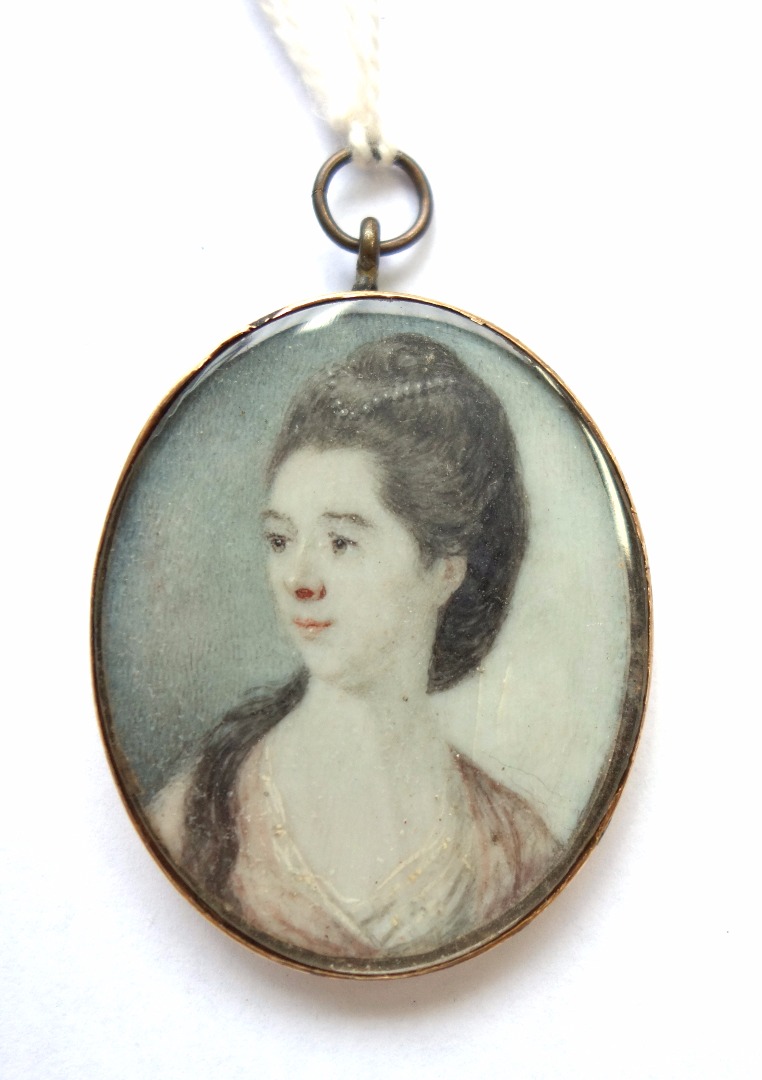 Appraisal: Attributed to Richard Crosse circa portrait miniature on ivory of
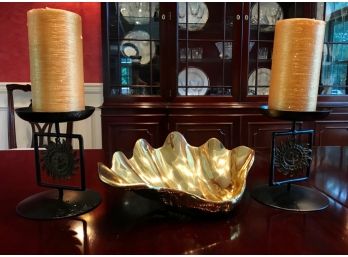 Brass Shell Dish & Candle Holders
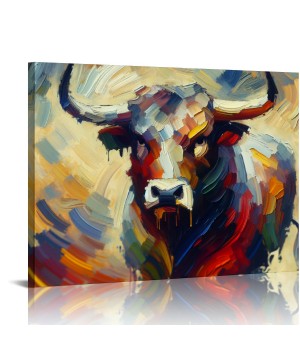 QKZF Cow Canvas Wall Art Colorful Animal Modern Artwork Living Bedroom Bathroom Home Office Decor Framed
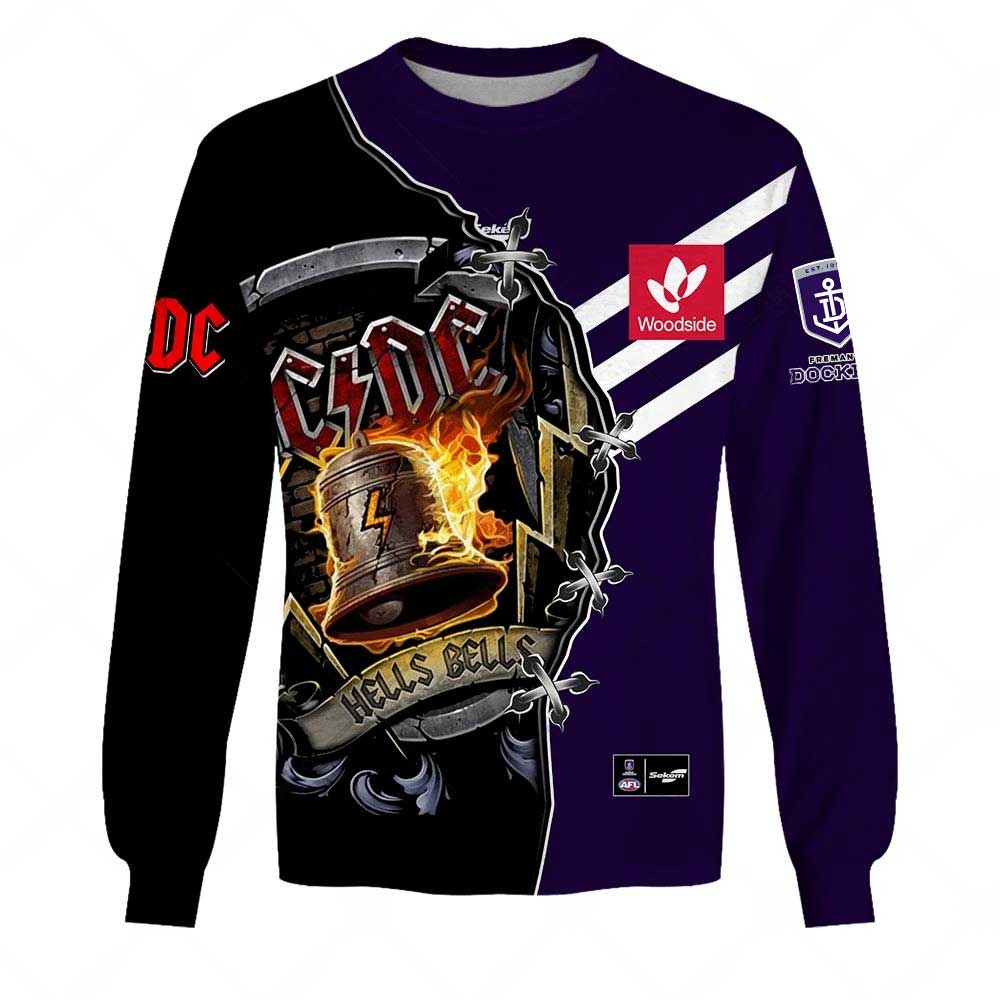 AFL Fremantle Dockers AC/DC Mix Custom Name Number 2023 Home Guernsey Sweatshirt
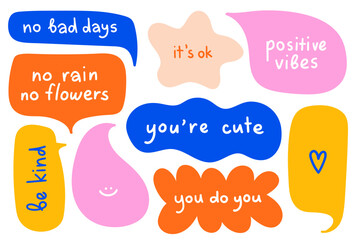 Vector collection of hand-drawn speech bubbles with positive quotes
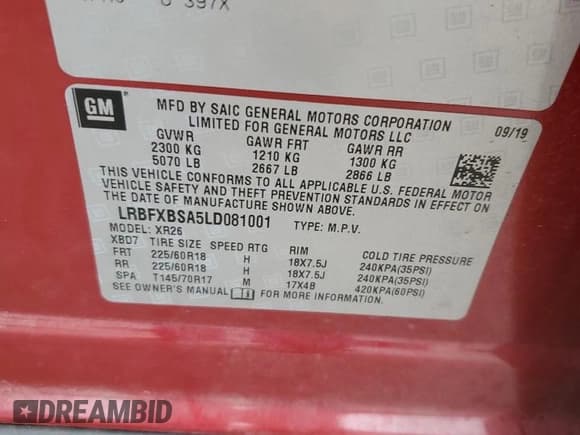 ✅ 2020 Buick Envision Preferred • VIN: LRBFXBSA5LD081001 • Lot: 87489785. Listed on Copart with 95,645 mi. Free auction sales archive from the USA and detailed vehicle history report at DreamBid. Image 13.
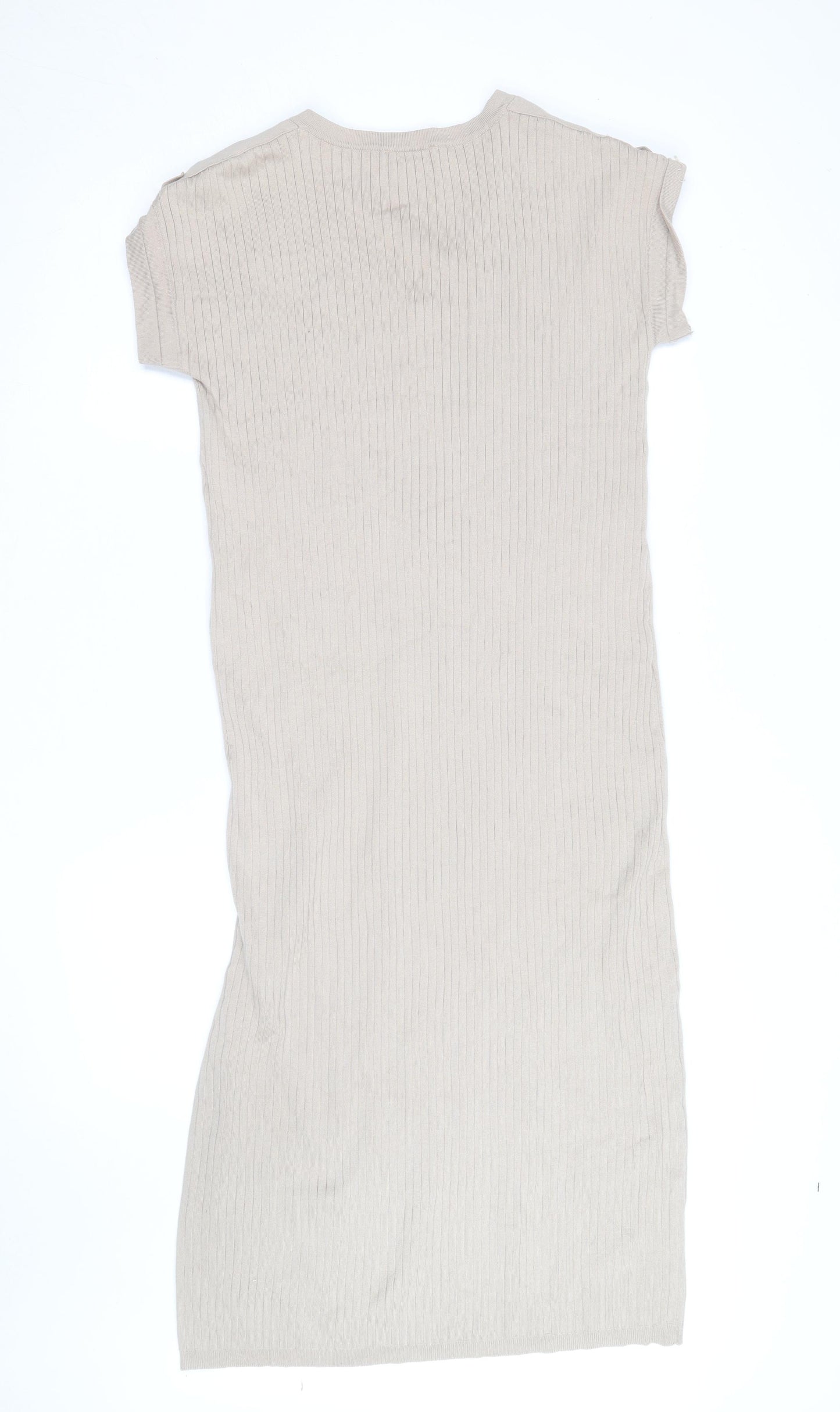 Mint Velvet Womens Beige Knit V-Neck T-Shirt Dress M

• WHAT THE TASK REQUIRES
Every line above is to be given again exactly, apart from the pictures.

• RESULT FOR THIS EXERCISE
 Appraisal: Attributed to Richard Crosse circa portrait miniature on ivory of
 Brass Shell Dish & Candle Holders
 QKZF Cow Canvas Wall Art Colorful Animal Modern Artwork Living Bedroom Bathroom Home Office Decor Framed
 AFL Fremantle Dockers AC/DC Mix Custom Name Number 2023 Home Guernsey Sweatshirt
 Vector collection of hand-drawn speech bubbles with positive quotes
 ✅ 2020 Buick Envision Preferred • VIN: LRBFXBSA5LD081001 • Lot: 87489785. Listed on Copart with 95,645 mi. Free auction sales archive from the USA and detailed vehicle history report at DreamBid. Image 13.
 Mint Velvet Womens Beige Knit V-Neck T-Shirt Dress M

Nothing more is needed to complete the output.